» Input records:
<<<<
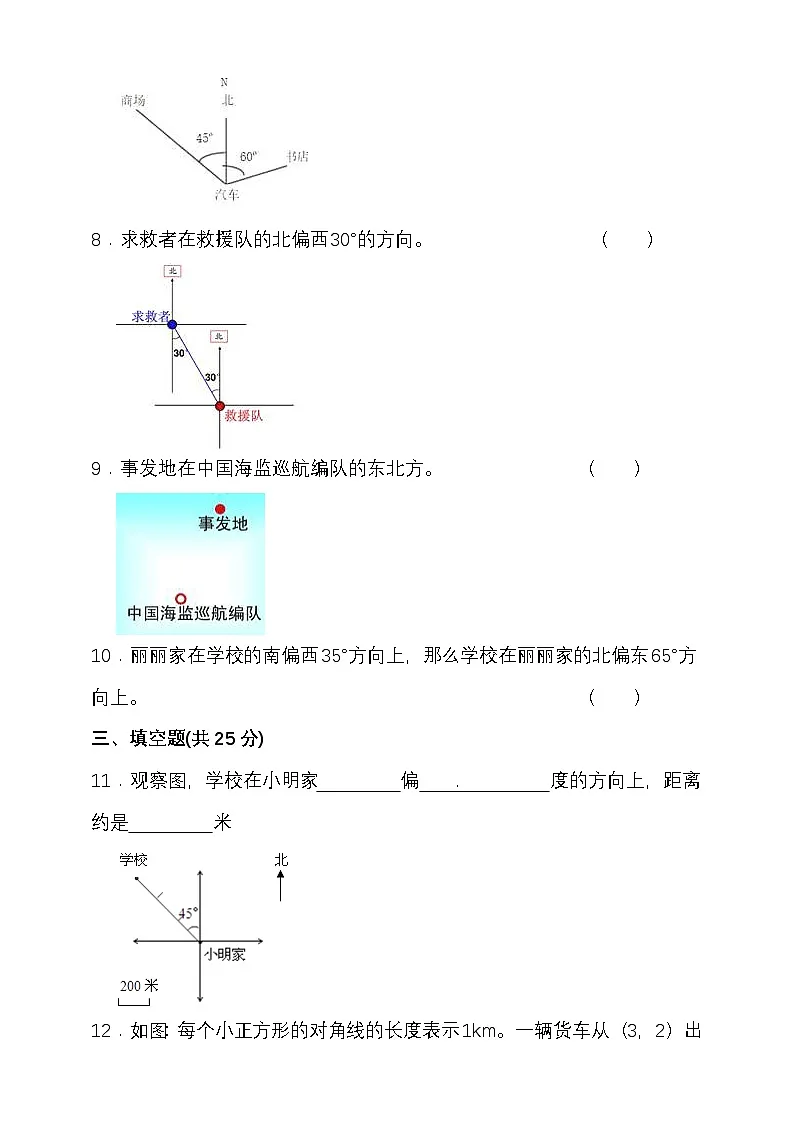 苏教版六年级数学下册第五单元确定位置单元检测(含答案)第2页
>>>>
<<<<
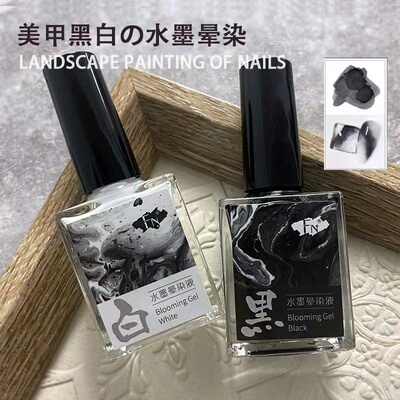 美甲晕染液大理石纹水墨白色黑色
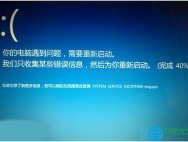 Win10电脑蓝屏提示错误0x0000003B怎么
>>>>
» Instructions to follow: Among the lines above, the one with "美甲晕染液大理石纹水墨白色黑色" opens the part to repeat and the one with "Win10电脑蓝屏提示错误0x0000003B怎么" closes it; repeat only that part exactly, with no pictures.

» Written answer:
 美甲晕染液大理石纹水墨白色黑色
 Win10电脑蓝屏提示错误0x0000003B怎么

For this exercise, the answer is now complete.